2 Replies Latest reply on Oct 21, 2010 1:40 PM by douglas125

    Indexes in Kernel's


      I want to count some array which have 40000 items. But I'm thinking of it like 2 dimensional(200x200). So I set the   globalThreads[0] = 200;
        localThreads[0] = 200. Then using the simple logic, I calculating index in kernel like: 

      uint tid = get_global_id(0);
       uint lid = get_local_id(0);

      const uint range=200;

      index= tid*range+lid;

      But seems that it wrong idea. What's wrong in my logic? 

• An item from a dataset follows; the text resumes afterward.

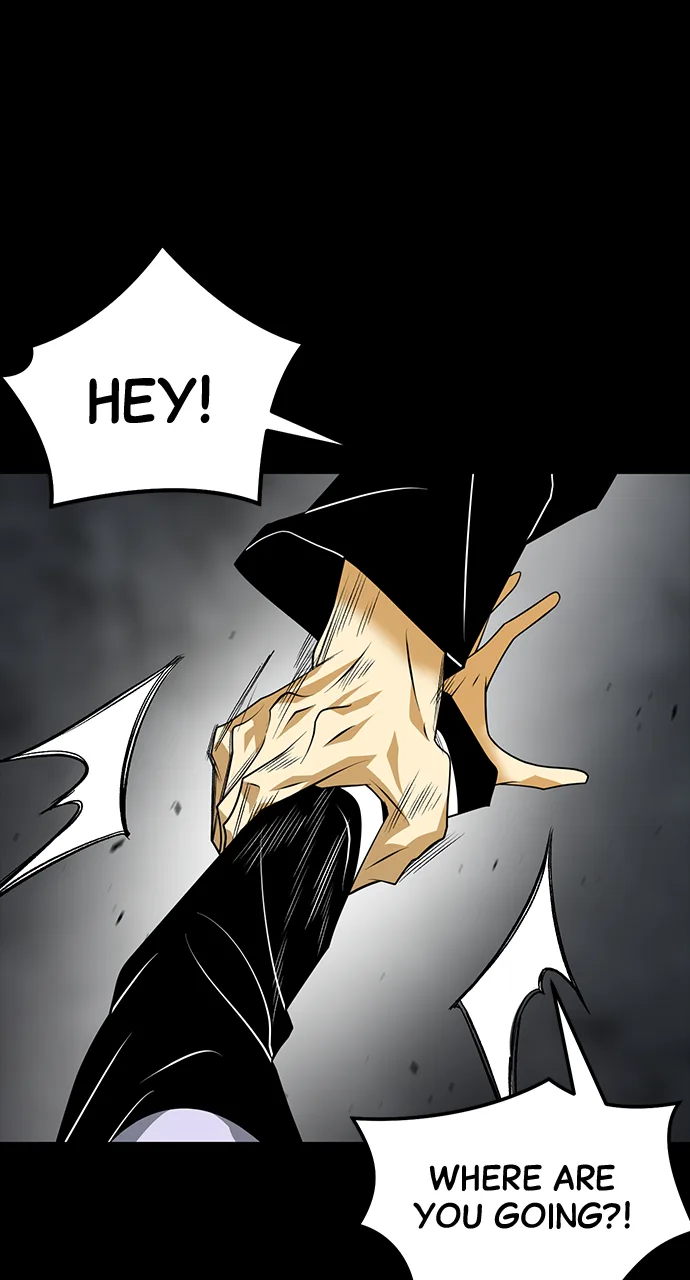 The Last Passage Chapter 14 Page 24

        • Indexes in Kernel's

          I don't know exactly what you want to do here, but if you just want each work-item to access an element, without using local memory in any particular way, then what you want is a 2D NDRange globally. What you seem to have done is create a 1D range with 200 work-items in total, with one work-group of size 200. What you should rather do is create a 200x200 2D NDRange globally. The local size is determined based on performance. Since you're not using a power-of-two size, it's probably going to be sub-optimal, but you could use a local size of say 10x10.

          So you'd have something like:

          uint gidx = get_global_id(0);

          uint gidy = get_global_id(1);

          uint range = get_global_size(0);

          index = gidy * range + gidx;

            • Indexes in Kernel's

              I think what you mean is to use a work dimension of two:

              Use EnqueueNDRangeKernel using GlobalWorkSize = {200, 200}

              Then inside the kernel use

              int tid = get_global_id(0);

              int lid = get_global_id(1);

              ind = tid*200+lid;


              Roughly speaking, the local workgroup is a subdivision of the global workgroup. Refer to the OpenCL architecture in Khronos Spec.